● EXTRACTED ENTRIES
-=-=-=-=-
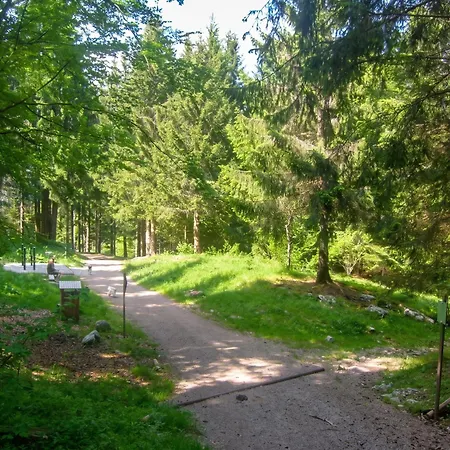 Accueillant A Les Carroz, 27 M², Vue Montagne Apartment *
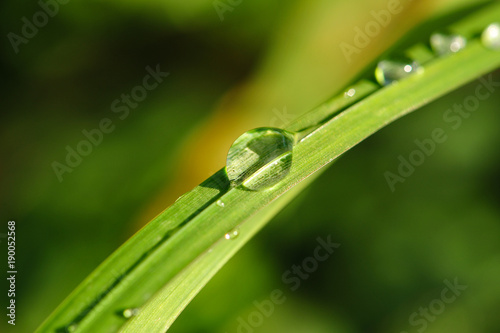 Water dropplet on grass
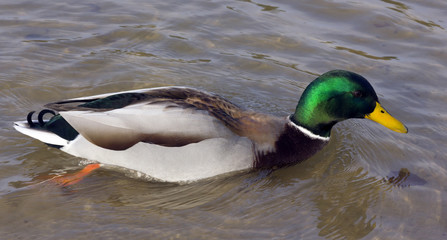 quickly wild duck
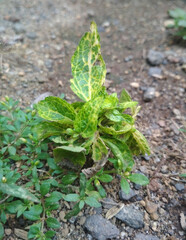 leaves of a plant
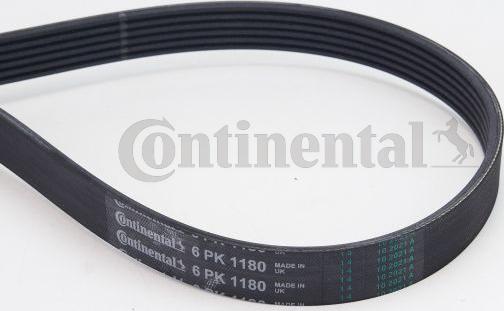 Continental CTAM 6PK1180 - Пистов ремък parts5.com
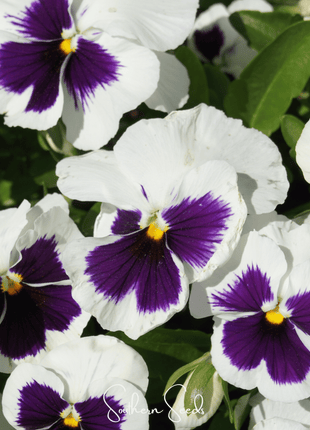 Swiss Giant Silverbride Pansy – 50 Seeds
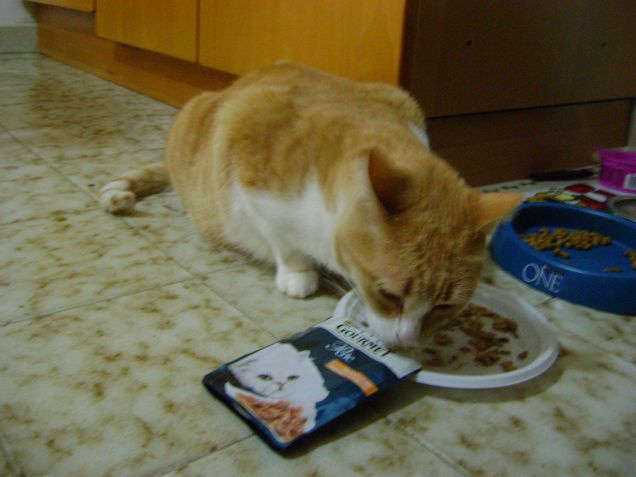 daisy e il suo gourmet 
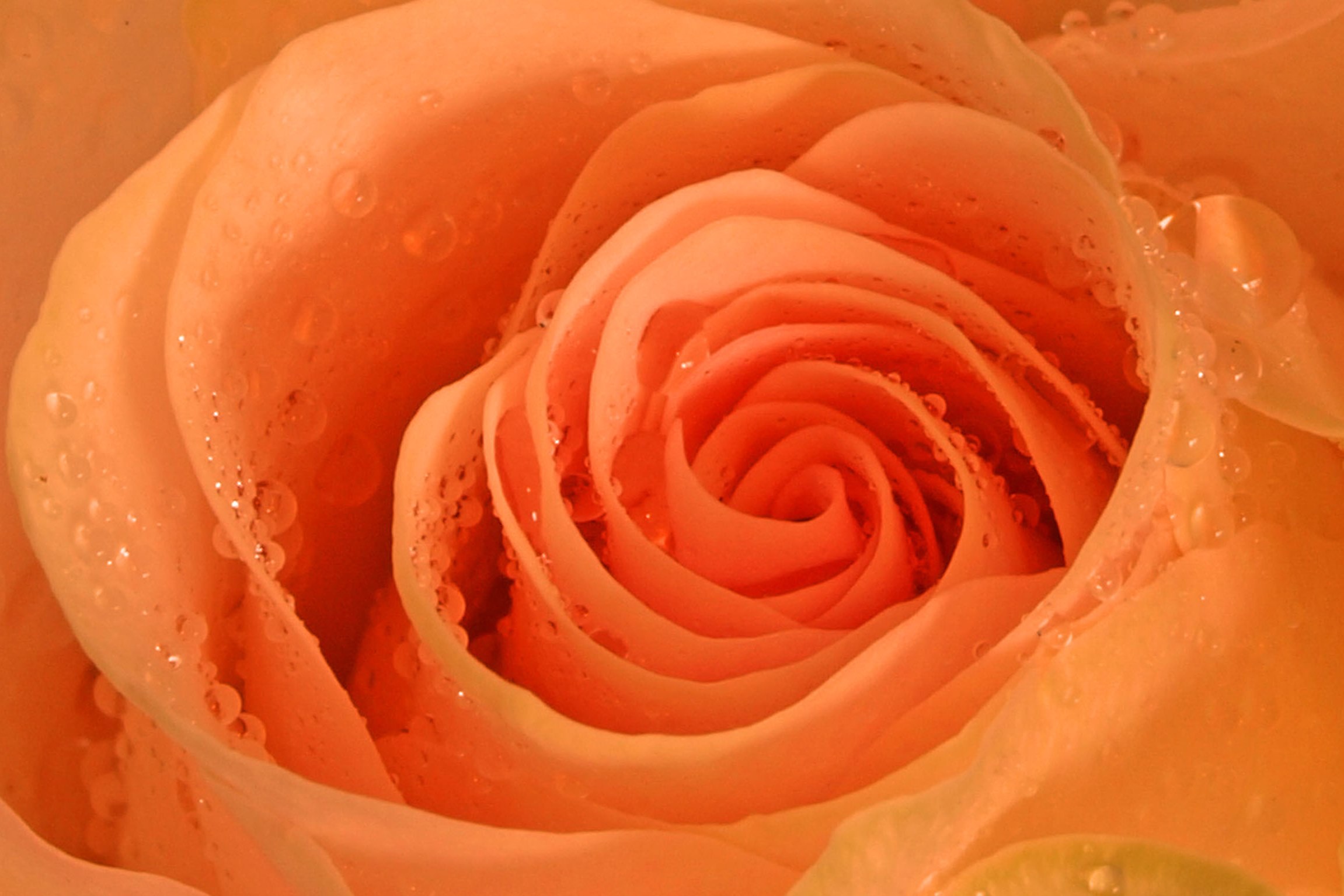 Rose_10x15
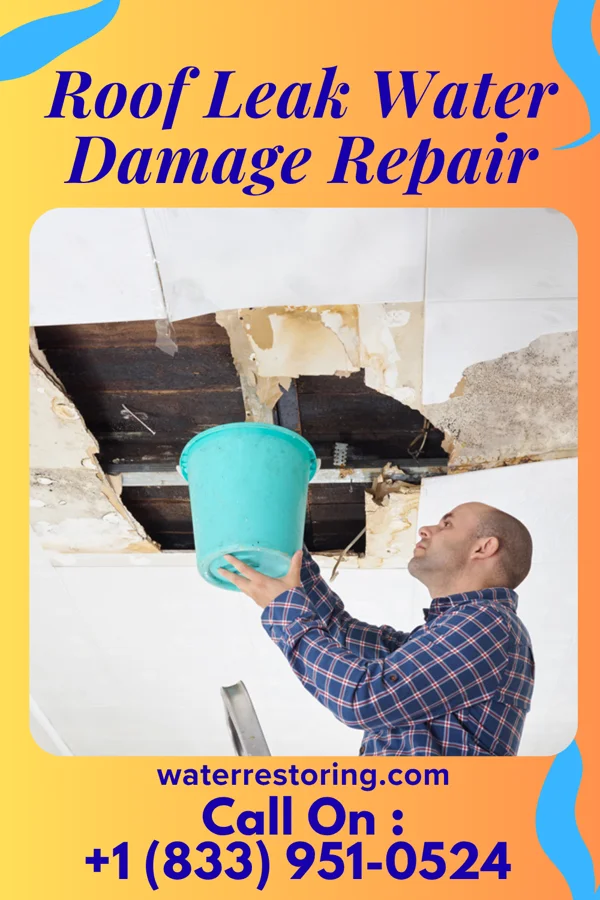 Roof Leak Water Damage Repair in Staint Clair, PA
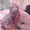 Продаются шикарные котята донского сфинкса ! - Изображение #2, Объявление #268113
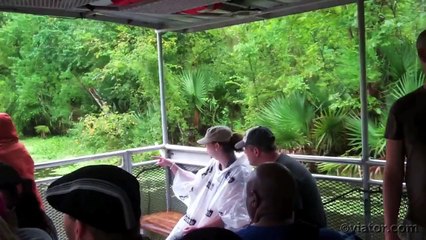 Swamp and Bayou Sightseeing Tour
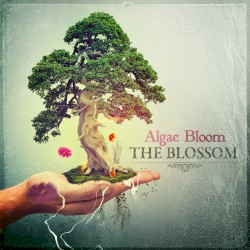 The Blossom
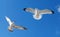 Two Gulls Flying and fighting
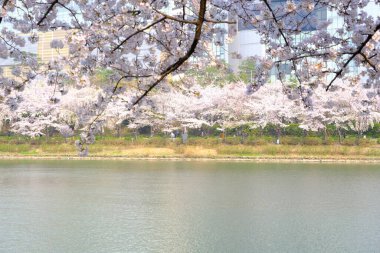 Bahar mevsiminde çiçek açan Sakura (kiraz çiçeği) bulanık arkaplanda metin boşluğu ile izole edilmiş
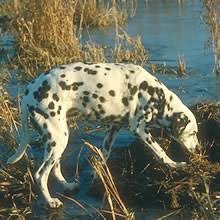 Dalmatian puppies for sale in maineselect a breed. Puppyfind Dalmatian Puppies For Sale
-=-=-=-=-
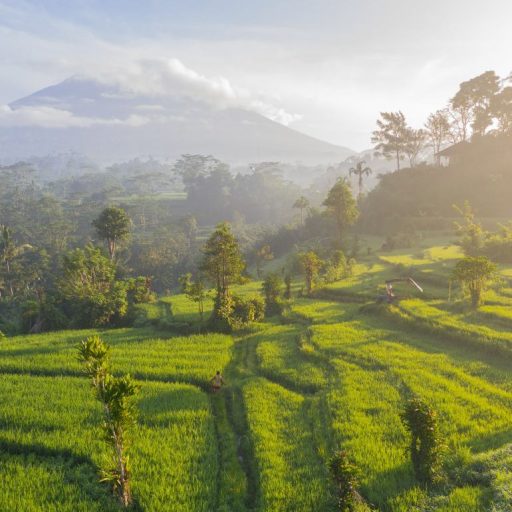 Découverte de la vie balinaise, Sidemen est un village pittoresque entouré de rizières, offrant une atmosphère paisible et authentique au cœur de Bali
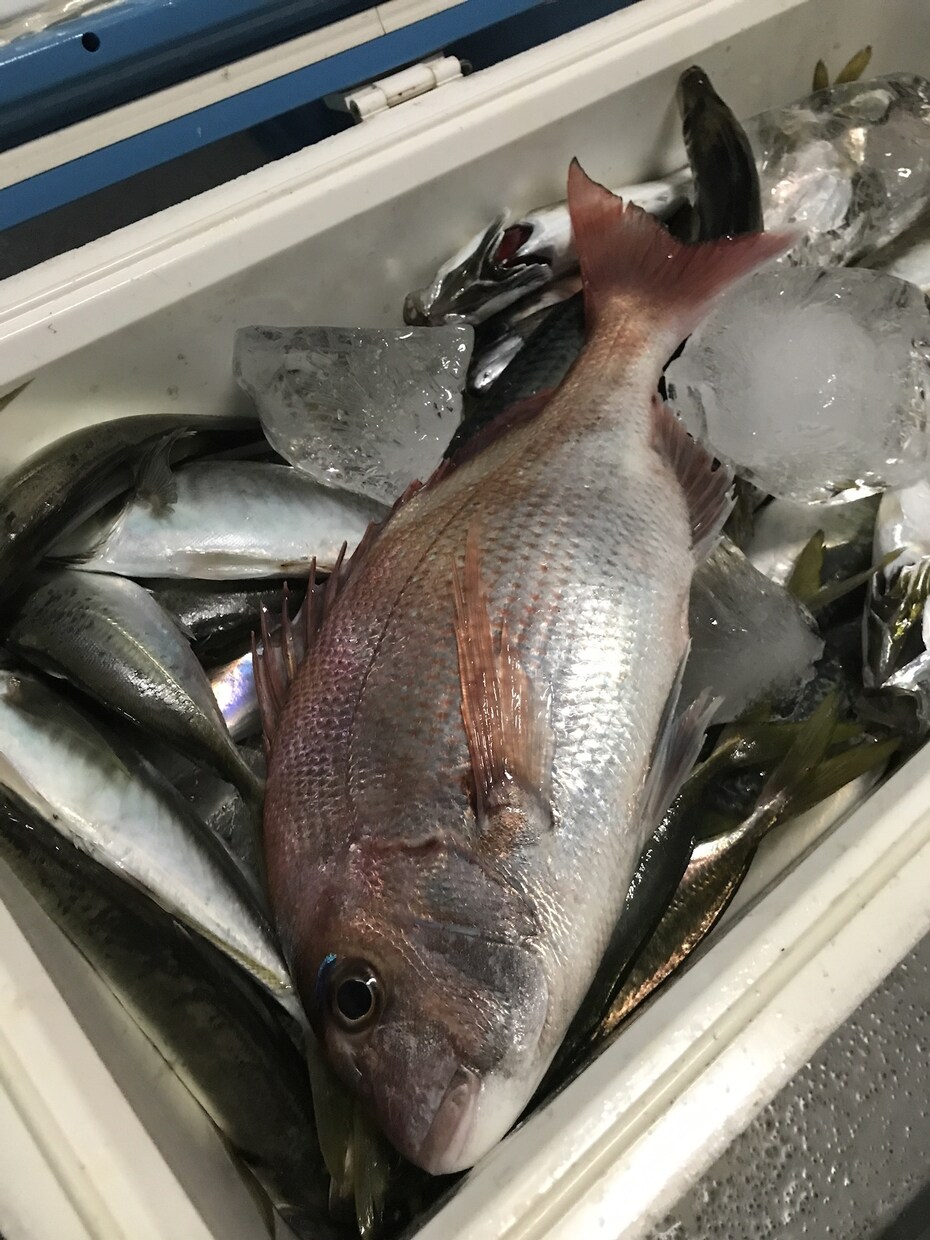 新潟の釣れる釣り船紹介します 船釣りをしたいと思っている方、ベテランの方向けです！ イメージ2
-=-=-=-=-
Using the entries above, write out exactly the lines from the one with "Continental CTAM 6PK1180" through the one with "Продаются шикарные котята", ends included. Leave out any pictures.

 Continental CTAM 6PK1180 - Пистов ремък parts5.com
 Swiss Giant Silverbride Pansy – 50 Seeds
 daisy e il suo gourmet 
 Rose_10x15
 Roof Leak Water Damage Repair in Staint Clair, PA
 Продаются шикарные котята донского сфинкса ! - Изображение #2, Объявление #268113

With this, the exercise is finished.